Breakfast option. Loaded with real ingredients like banana, oats, and carrot so you can serve this with Greek yogurt and berries for a meal-prep-friendly breakfast.
Easy snack. Bake it, slice it, snack it. It’s a low-effort win, much like my Blueberry Muffins or No-Bake Carrot Cake Balls.
Secret veggies. Your inner child (or actual child) won’t even notice the grated carrot hiding in there. Sneaky like my Carrot Cake Baked Oats or Zucchini Bread Baked Oats.
Ingredients

Flour. Basic, all-purpose flour is recommended.
Desiccated coconut. Adds texture, moisture, and a gentle nuttiness. You want to make sure you get the "desiccated" variety and not shredded as this is larger and retains more moisture so may change the texture of the loaf.
Protein powder. A vegan protein powder (either vanilla or unflavoured) is recommended because it keeps the carrot cake loaf dairy-free, and vegan proteins act more similar to flour when baking. I therefore would not recommend Whey protein as it can leave a funky taste.
Cinnamon, nutmeg, cloves. Ground spices. Adjust to your preferences.
Brown sugar. Adds moisture and a little caramel-y depth. I wouldn't recommend substituting for white sugar or coconut sugar as they can change the overall texture.
Coconut oil. Keeps the loaf rich and moist without needing dairy. You can use olive oil or another neutral oil - or substitute for butter.
Small banana. Try and get a banana that is ripe (at least spotted brown, if not completely brown) as it adds natural sweetness.
Grated carrot. Shred it fine so it melts into the batter without being stringy when baked (so you'll want to use the small end of your grater). Squeeze out as much excess moisture as possible.
Sultanas/raisins. Little chewy pops of sweetness. These are optional, but recommended.
Please check the recipe card for full list of ingredients and quantity. See below for substitutions and variations.
How to make
Step 1: Beat the brown sugar, coconut oil, and eggs together in a large bowl until it’s looking creamy and light (you shouldn't see any granules from the brown sugar left)
Step 2: Add the flour, coconut, baking powder, protein powder, salt, and spices. Stir in the mashed banana and vanilla extract. Beat until the batter is smooth but don't overmix.
Step 3: Fold in the grated carrot and raisins gently. Don't overmix otherwise the batter will end up dense.
Step 4: Pour the batter into a lined loaf tin. Bake at 160°C (320°F) for 50-60 minutes or until a skewer comes out clean and the top looks golden and slightly cracked.
Top Tip
Strain carrots. Remove any excess moisture from the carrots using a paper towel, clean dish towel or cheesecloth.

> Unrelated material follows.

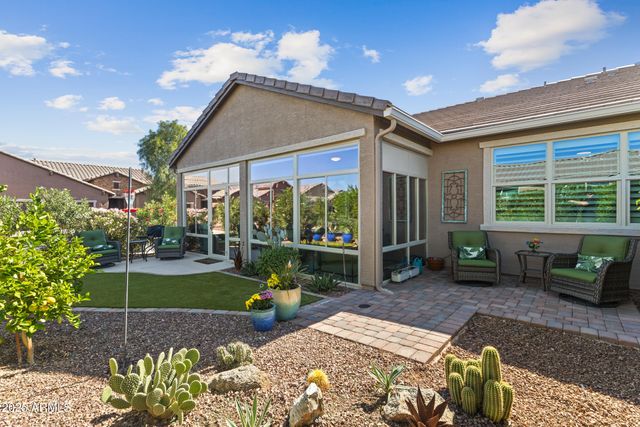 41574 W SUMMER WIND Way, Maricopa, AZ 85138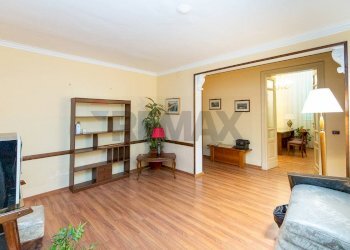 Soggiorno - Ufficio Via Umberto
 
53, Catania - foto 1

This will help keep the texture of the carrot cake loaf without it being too wet.
Don’t overbake. The loaf will continue to set slightly as it cools, so if the skewer is just barely clean, you’re good.
Let it cool fully. Seriously. Don't slice it until it's cooled. It firms up and slices way better once it’s cooled
Substitutions and variations
Protein Powder. Skip it and add equivalent amounts of flour instead.
Add extras. I used raisins in this loaf, but you could add nuts, choc-chips, walnuts or any other nuts for something different.
Make it a muffin. You can turn these into muffins like my Carrot Banana Muffin recipe
Recommended Equipment
A Standard Loaf Tin is recommended (approx. 24cm long x 11.5cm wide x 6.5 cm deep)

Can carrot cake loaf be meal prepped?
Absolutely! It's sweet enough to be satisfying, hearty enough to be a meal. You can have it on its own as a sweet snack, or have it alongside some yogurt and fresh fruit for a breakfast. It'll store in the fridge for up to 5 days, making it perfect for the long work week ahead.
Reheating
Microwave slices for 15–20 seconds to bring back that fresh-baked softness. Add butter, yogurt, or nut butter if you’re feeling extra. You could also toast them using a toaster or sandwich press, then coat with your favourite toppings.
Freezing
Freeze slices individually wrapped, then reheat from frozen or let thaw overnight in the fridge. You’ll thank past-you every time. They'll last approx. 6 months in the fridge (provided they're wrapped tightly without any access to air)
If you want more meal prep information, check out my Meal Prep for Beginners post and my Meal Prep Basics E-Book.
FAQs
Use the fine side of a box grater or a food processor grating attachment. Smaller shreds = better texture. When the shreds are thicker, it can lead to a stringy texture when cooked.
Probably overmixed or overbaked. Be gentle when folding, and check your oven temp with an oven thermometer.
Other snack recipes
Or, you can have a browse through my Snack Recipe Category for more delicious eats.
Recipe

Protein Coconut Carrot Cake Loaf (Dairy Free)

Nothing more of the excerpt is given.